Julie Heginbottom, Care.com nanny and consultant, offers her top nutrition advice for breastfeeding mums
It’s been a long wait, but the Duchess of Cambridge has finally given birth to a baby boy (and our future king)! The newest, and as-of-yet unnamed member of the royal family was born yesterday at 16:24, weighed in at an above-average 8lbs 6oz, and takes his uncle Harry’s place as third in line to the throne.
But despite all the jubilations surrounding what has been described as a ‘textbook’ 12-hour delivery, there’s no doubt that Kate will be feeling exhausted as she begins to adjust to motherhood.

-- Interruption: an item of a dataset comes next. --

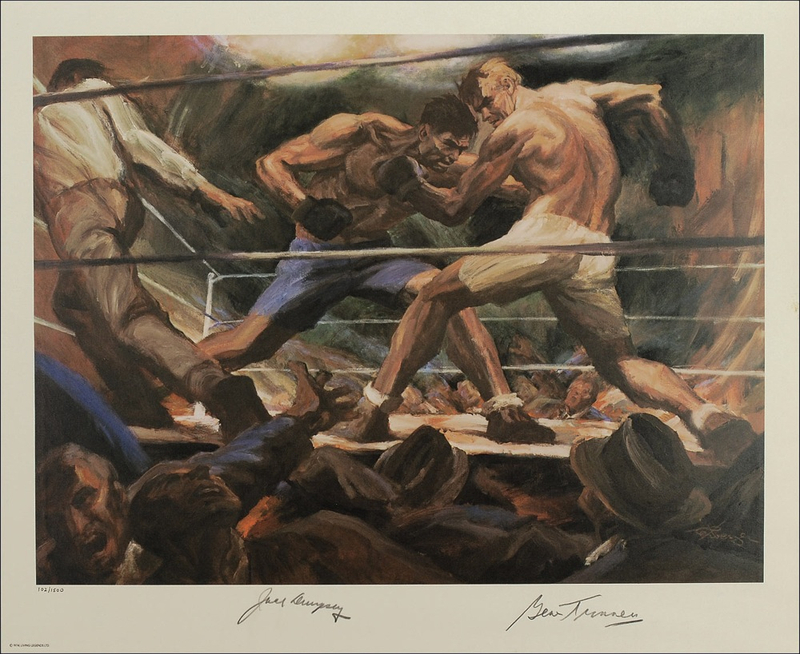 Lot 1185 Jack Dempsey and Gene Tunney Print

We consulted Care.com nanny and consultant Julie Heginbottom to provide her top nutritional tips on how new mothers like Kate can keep their energy levels high while they’re nurturing their newborn. ‘A healthy, balanced diet is recommended for everyone, and this is no different for breastfeeding mothers,’ she explains. Her other advice? ‘Get as much rest as you can – and when your baby sleeps, make sure you also rest,’ she advises.
Read on for more new mum nutritional know-how:
1. Prioritize protein Packing in five portions of fruit and vegetables a day and loading up on fibre-rich foods ‘will help with healing the body and with general mental health.’ But protein-rich foods such as chicken, lean meat and pulses are equally important, and ‘will help repair body cells'.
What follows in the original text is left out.